Là est tout le concept que je me suis imaginé de ce Drone To The Bone. Le laisser s’imprégner de nos os. Trois morceaux. Trois morceaux longs, improvisés comme dans un rêve hallucinatoire, où on ne sait plus trop ce qui existe ou pas. Et pourtant que ça existe ou non, le maître mot est évidence. Car cet opus est un tout du début à la fin. Et ce tout débouche sur une finalité : le sens qu’on va lui donner, le crédit qu’on va lui accorder. Sa forme.
Pour illustrer ma pensée, essayez de vous représenter une feuille d’arbre, n’importe laquelle. Vous la tenez par la tige et observez toutes les rainures, les filaments de la feuille qui convergent ça et là de chaque côté de la tige, la branche, le lien global. Toutes ces ramifications partent dans tous les sens mais jamais elles ne dépasseront les limites de la feuille. Non dans tous les cas, elles se rassembleront à la pointe de la feuille avec le bout de la tige. Pour finalement former ce tout cohérent : la feuille.

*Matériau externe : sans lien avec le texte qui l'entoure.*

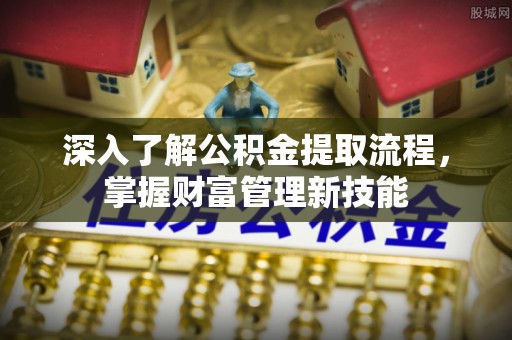 乐业深入了解公积金提取流程，掌握财富管理新技能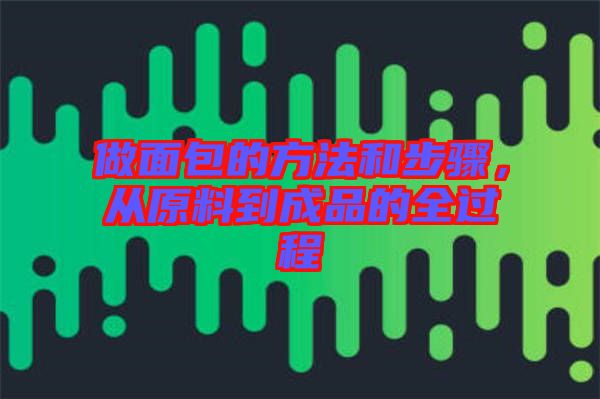 做面包的方法和步驟，從原料到成品的全過程
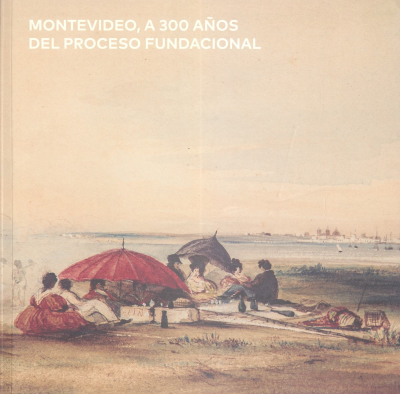 Montevideo, a 300 años del proceso fundacional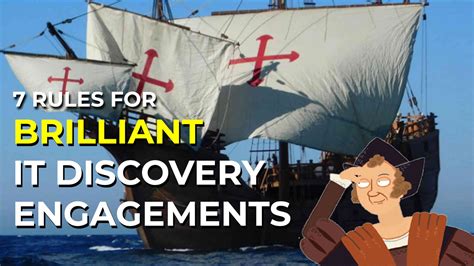 7 Rules For Brilliant It Discovery Engagements Ernesto Garbarino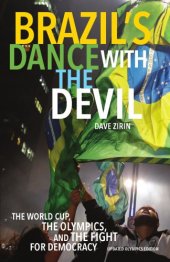 book Brazil's dance with the devil: the World Cup, the Olympics, and the fight for democracy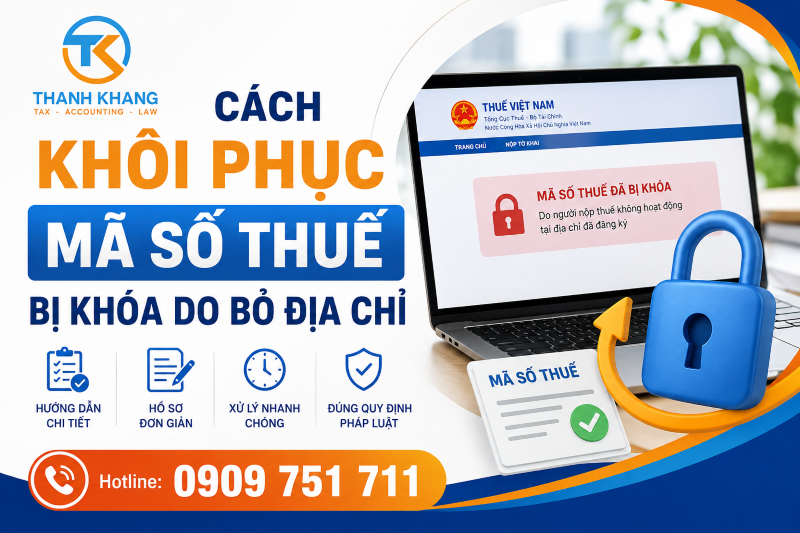 Cách Khôi Phục Mã Số Thuế Bị Khóa Do Bỏ Địa Chỉ | Thành Khang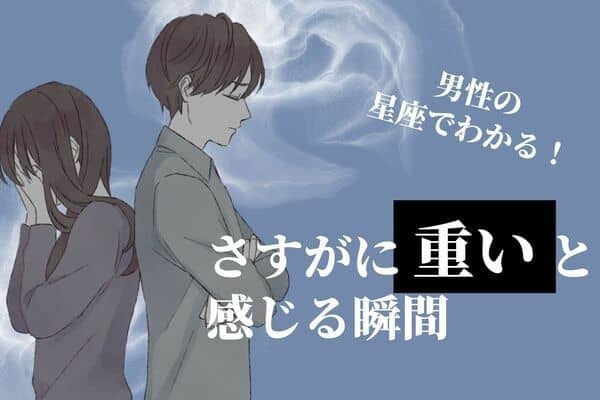 男性の星座でわかる！彼が「さすがに重い」と感じる瞬間＜おひつじ座〜おとめ座＞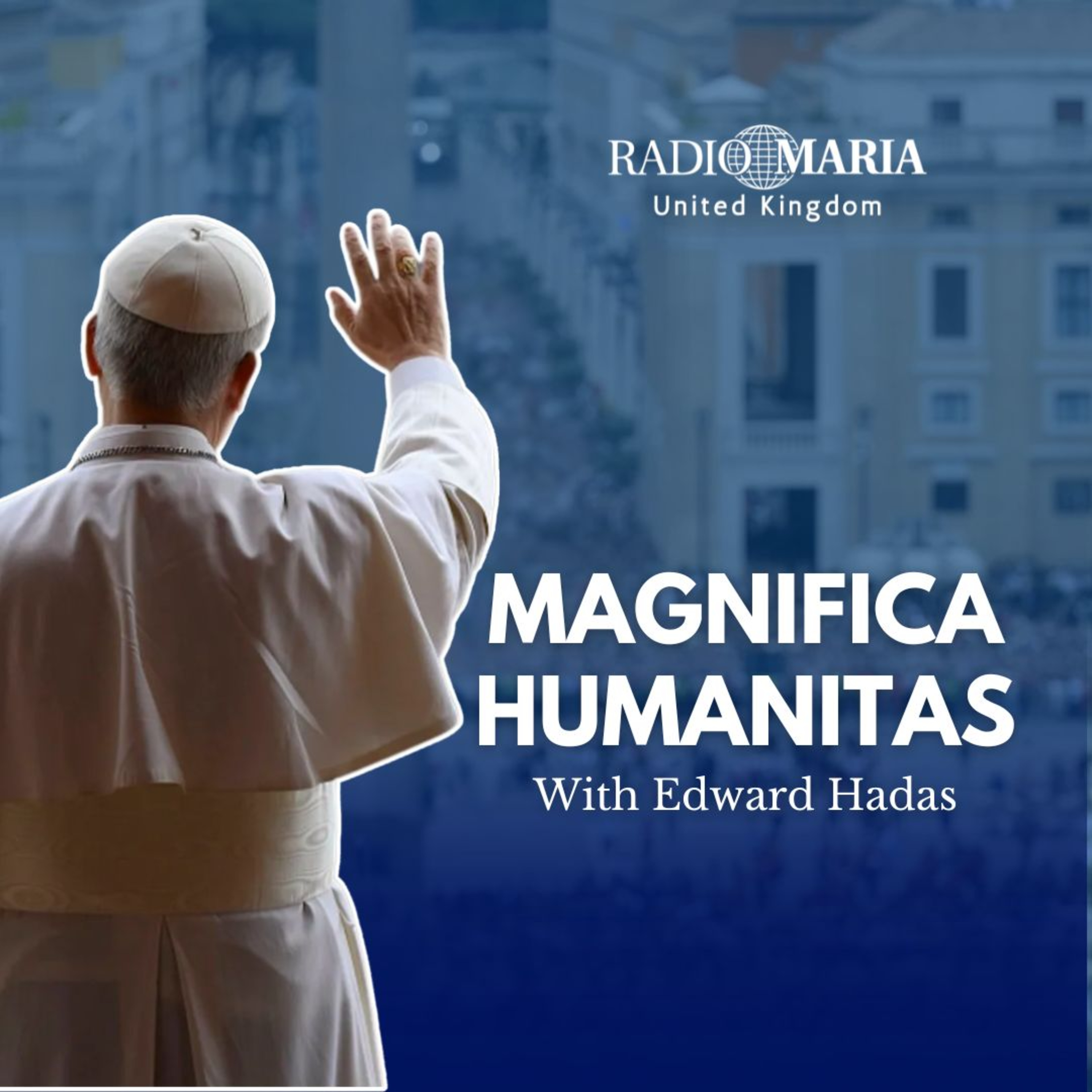 CREDO - Edward Hadas - Magnifica Humanitas Part 6
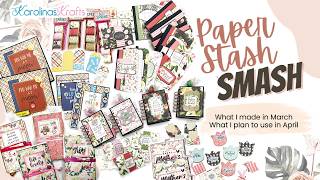 What I Made & Smashed in March & Paper I'll be SMASHING this Month #paperstashsmash2026 Collab Goal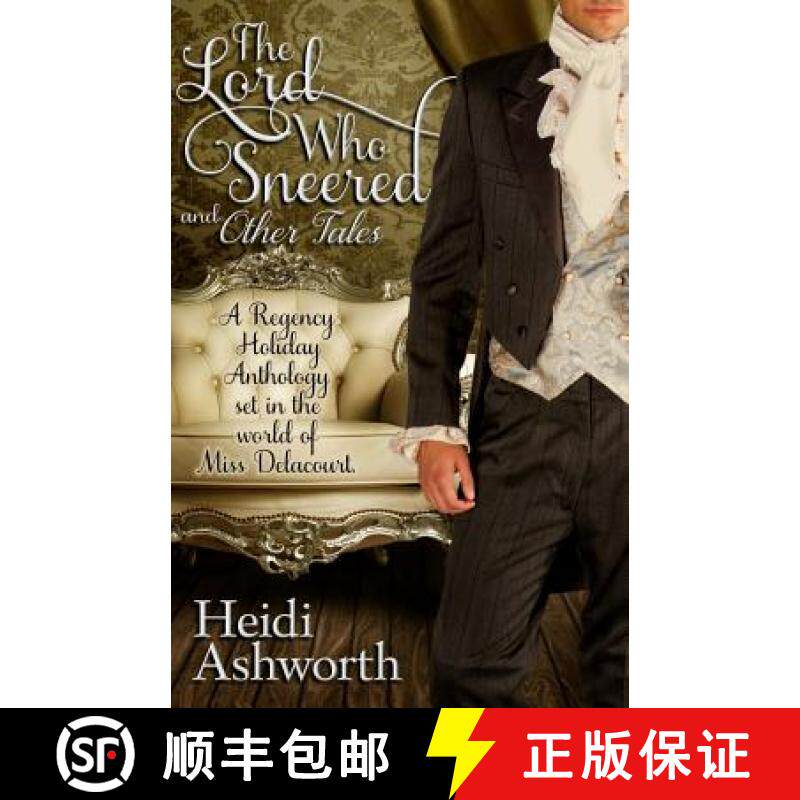 预订 The Lord Who Sneered and Other Tales: A Regency Holiday Anthology Set in the World of Miss Delac... [9780615888934]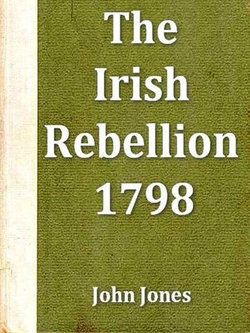 An Impartial Narrative of the Most Important Engagements Which Took Place between His Majesty's Forces and the Rebel during the Irish Rebellion, 1798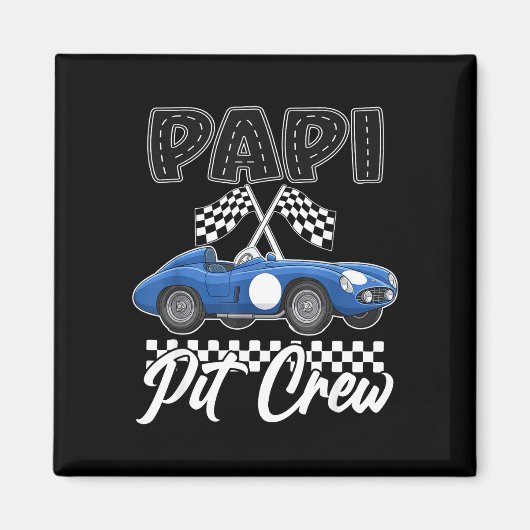 Rennauto-Geburtstagsfeier-Rennfamilien-Papi-Pit Magnet (Vorne)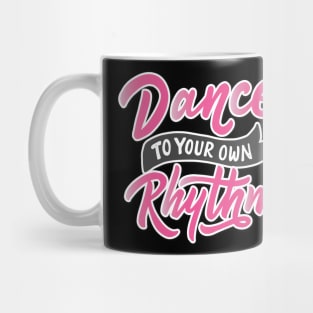 Dance To Your Own Rhythm Mug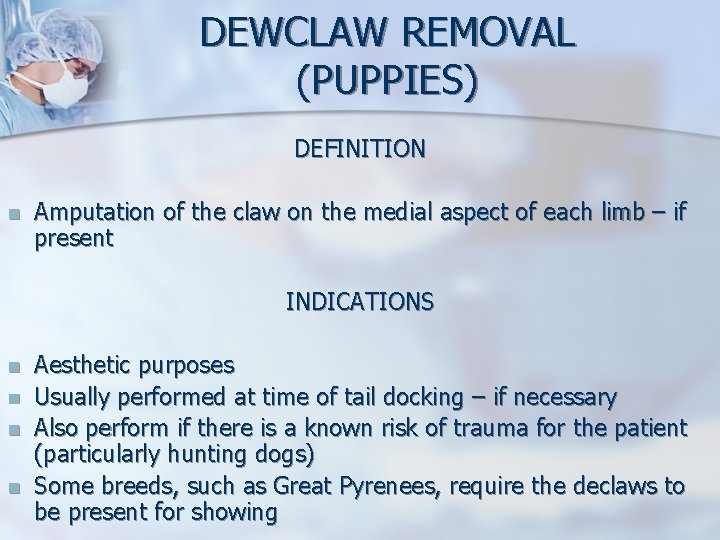 DEWCLAW REMOVAL (PUPPIES) DEFINITION n Amputation of the claw on the medial aspect of DEWCLAW REMOVAL (PUPPIES) DEFINITION n Amputation of the claw on the medial aspect of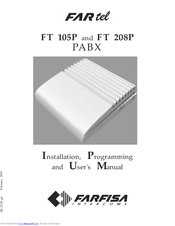 FARFISA INTERCOMS FT 208P Installation, Programming, And  User's Manual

Des Yeux est comme cette feuille. Chaque membre entreprend ce qui lui chante de faire et se laisse guider par sa nature, son destin, ses envies, son aura et sa vision. Mais à un moment donné et ce sans même que ce soit calculé, du moins dans le ressenti, tout se rejoint, se condense, s’intensifie et s’efforce d’exister sous sa forme la plus primaire. Mais cette forme, elle existe, elle respire, on la sent, on la touche, on la vit, on la…voit.
57 minutes de son, dont ce « Backbone », gigantesque fresque, en est presque la moitié, vous laisseront sans mot. Ce second album, proposé par le groupe en téléchargement libre sur leur Bandcamp, est illustré aussi à travers ce visuel démentiel, angoissant. Terriblement détaillé. Il faut le regarder en écoutant l’album une première fois. Ensuite, vous laissez une journée passer. Puis vous vous remettez l’album, confortablement installé. Vous allez voir, cette pochette est imprimée sur votre rétine sans même que vous ne compreniez comment ni pourquoi.
D’ailleurs, vos yeux, vous pouvez les oublier. Car la musique que propose Des Yeux se laisse appréhender et se délecter uniquement les yeux fermés.